### TASK
What you return must match the listing exactly, with every image removed.

### INFORMATION SUPPLIED
== Segment start ==
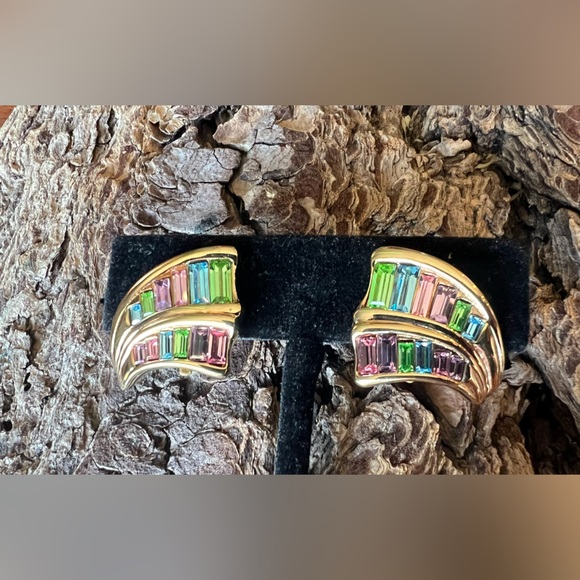 Authentic Swarovski Gold Plated Clip On Earrings Rainbow Crystals Baguette Cut - Picture 3 of 9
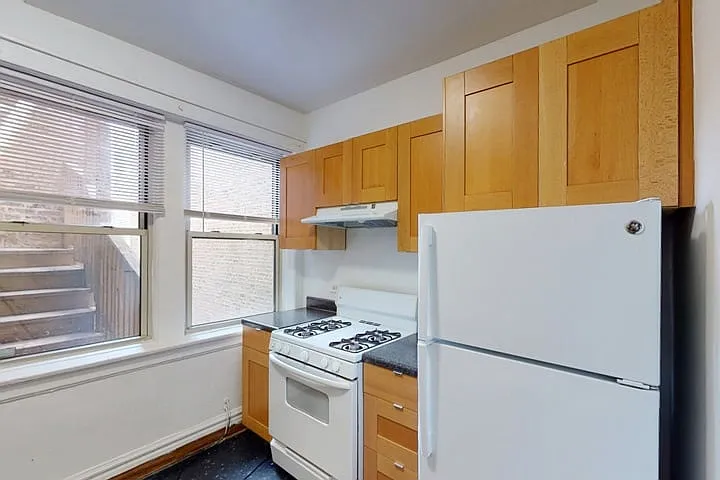 5429 S Woodlawn Ave — Photo 9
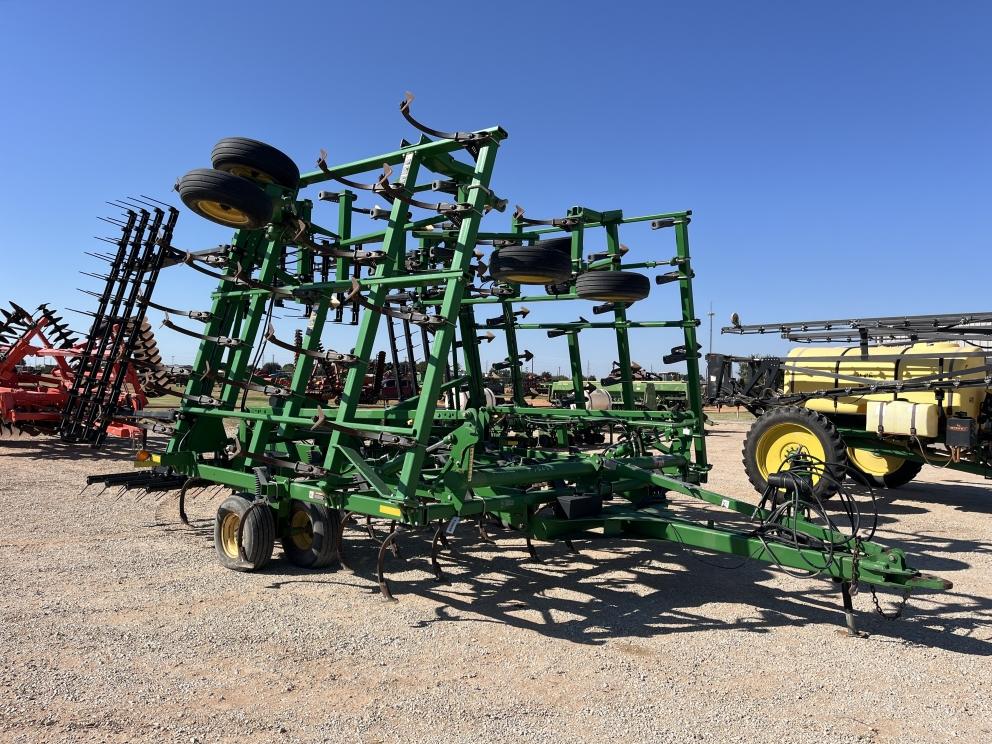 Image for 2013 John Deere 2210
== Segment end ==
### ANSWER TO THE EXERCISE
 Authentic Swarovski Gold Plated Clip On Earrings Rainbow Crystals Baguette Cut - Picture 3 of 9
 5429 S Woodlawn Ave — Photo 9
 Image for 2013 John Deere 2210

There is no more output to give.